Maybe it is a good idea to know which hour of the day has the highest data consumption on each cells. Do all
cells are on highest peak at the same hour of the day? Let's check.

In [155]:
%%sql
SELECT time_hour,
    (bytesdown+bytesup) as 'load',
    aircomcellid
FROM event e 
GROUP BY time_hour, aircomcellid   
ORDER BY (bytesdown+bytesup) DESC  
LIMIT 0,3

 * mysql+mysqlconnector://rodrigo:***@database-2.cwkjamv2pld3.eu-central-1.rds.amazonaws.com:3306/rodrigo_sandbox
3 rows affected.


time_hour,load,aircomcellid
21,781274,A
20,610436,B
14,562950,C


As we can see, cells A and B peak are in the evening while the peak of cell C is the afternoon.

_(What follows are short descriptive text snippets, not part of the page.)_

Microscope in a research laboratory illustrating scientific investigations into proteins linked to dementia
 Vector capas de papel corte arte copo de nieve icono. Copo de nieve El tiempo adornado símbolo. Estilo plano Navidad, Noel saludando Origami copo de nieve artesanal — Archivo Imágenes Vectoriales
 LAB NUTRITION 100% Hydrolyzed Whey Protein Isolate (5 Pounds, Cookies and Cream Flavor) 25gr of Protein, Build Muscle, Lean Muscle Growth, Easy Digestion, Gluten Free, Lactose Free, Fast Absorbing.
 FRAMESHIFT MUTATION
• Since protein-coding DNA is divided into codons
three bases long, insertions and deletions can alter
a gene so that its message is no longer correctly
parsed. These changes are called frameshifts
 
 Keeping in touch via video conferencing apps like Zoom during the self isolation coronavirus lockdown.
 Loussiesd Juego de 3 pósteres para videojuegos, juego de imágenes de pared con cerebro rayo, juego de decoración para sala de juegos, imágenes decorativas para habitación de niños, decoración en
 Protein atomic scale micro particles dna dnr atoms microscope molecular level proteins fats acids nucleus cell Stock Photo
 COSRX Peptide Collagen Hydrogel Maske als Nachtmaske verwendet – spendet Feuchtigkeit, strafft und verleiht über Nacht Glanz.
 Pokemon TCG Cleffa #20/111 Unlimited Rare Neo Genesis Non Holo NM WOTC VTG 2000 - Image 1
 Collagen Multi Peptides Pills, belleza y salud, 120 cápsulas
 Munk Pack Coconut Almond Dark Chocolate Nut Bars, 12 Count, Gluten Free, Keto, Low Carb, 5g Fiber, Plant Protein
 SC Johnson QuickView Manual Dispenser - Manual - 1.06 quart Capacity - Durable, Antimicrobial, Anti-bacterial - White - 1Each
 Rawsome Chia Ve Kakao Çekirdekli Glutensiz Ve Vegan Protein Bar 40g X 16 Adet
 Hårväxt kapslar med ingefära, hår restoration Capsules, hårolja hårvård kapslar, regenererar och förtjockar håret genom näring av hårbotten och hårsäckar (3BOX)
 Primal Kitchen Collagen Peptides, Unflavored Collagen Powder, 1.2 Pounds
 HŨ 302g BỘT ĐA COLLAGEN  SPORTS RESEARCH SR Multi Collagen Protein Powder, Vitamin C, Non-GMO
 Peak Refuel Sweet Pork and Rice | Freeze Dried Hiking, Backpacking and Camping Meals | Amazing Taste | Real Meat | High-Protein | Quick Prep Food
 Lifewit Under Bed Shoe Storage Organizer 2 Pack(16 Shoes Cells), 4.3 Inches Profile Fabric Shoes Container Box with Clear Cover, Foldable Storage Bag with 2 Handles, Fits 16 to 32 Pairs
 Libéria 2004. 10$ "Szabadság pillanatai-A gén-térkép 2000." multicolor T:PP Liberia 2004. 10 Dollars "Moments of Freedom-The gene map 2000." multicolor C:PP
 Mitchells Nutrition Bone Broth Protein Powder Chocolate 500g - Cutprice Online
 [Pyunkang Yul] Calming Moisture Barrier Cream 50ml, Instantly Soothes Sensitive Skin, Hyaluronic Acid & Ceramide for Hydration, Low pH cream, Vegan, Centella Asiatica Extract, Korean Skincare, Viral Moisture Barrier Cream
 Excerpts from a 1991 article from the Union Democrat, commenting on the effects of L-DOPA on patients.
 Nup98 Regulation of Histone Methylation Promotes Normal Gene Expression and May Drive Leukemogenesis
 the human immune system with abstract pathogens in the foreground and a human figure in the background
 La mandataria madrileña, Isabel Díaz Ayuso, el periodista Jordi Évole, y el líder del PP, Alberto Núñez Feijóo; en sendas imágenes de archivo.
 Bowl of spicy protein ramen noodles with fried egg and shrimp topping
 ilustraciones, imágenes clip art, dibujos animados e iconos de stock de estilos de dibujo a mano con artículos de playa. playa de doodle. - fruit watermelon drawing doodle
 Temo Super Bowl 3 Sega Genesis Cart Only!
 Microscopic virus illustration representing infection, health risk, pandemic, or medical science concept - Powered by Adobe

Finally, let's try to answer these questions:
- What portion of males and females use Netflix? 
- What portion of males and females use Instagram? 
- Which service is mostly used by males?

In [156]:
%%sql
SELECT  
    d.gender, 
    SUM(CASE WHEN e.service = 'YouTube' THEN 1 ELSE 0 END)/2000 as 'YouTube',
    SUM(CASE WHEN e.service = 'Instagram' THEN 1 ELSE 0 END)/3000 as 'Instagram', -- 53% of users are Male / 47% of users are Female
    SUM(CASE WHEN e.service = 'Netflix' THEN 1 ELSE 0 END)/1500 as 'Netflix', -- 53% of users are Male / 47% of users are Female
    SUM(CASE WHEN e.service = 'Facebook' THEN 1 ELSE 0 END)/1500 as 'Facebook',
    SUM(CASE WHEN e.service = 'WhatsApp' THEN 1 ELSE 0 END)/2000 as 'WhatsApp'
FROM event e 
RIGHT JOIN demographic d 
ON e.subscriber_id = d.subscriber_id 
GROUP BY gender 

 * mysql+mysqlconnector://rodrigo:***@database-2.cwkjamv2pld3.eu-central-1.rds.amazonaws.com:3306/rodrigo_sandbox
2 rows affected.


gender,YouTube,Instagram,Netflix,Facebook,WhatsApp
Male,0.53,0.53,0.53,0.53,0.53
Female,0.47,0.47,0.47,0.47,0.47


From the previous query, Netflix users are divided by males (53%) and females (47%). Instagram users are divided in the same proportion. By the way, all services are mostly used by males.

## Conclusion

In this task we were able to query from an structured database using SQL syntax from a Python environment. We were alble to extract quite interesting insights from data just performing queries like which customer has longest (or shortest) average dwelling time, what portion of males and females use some service, and so on. As we could see, data manipulation is a strong tool to get very interesting info from data.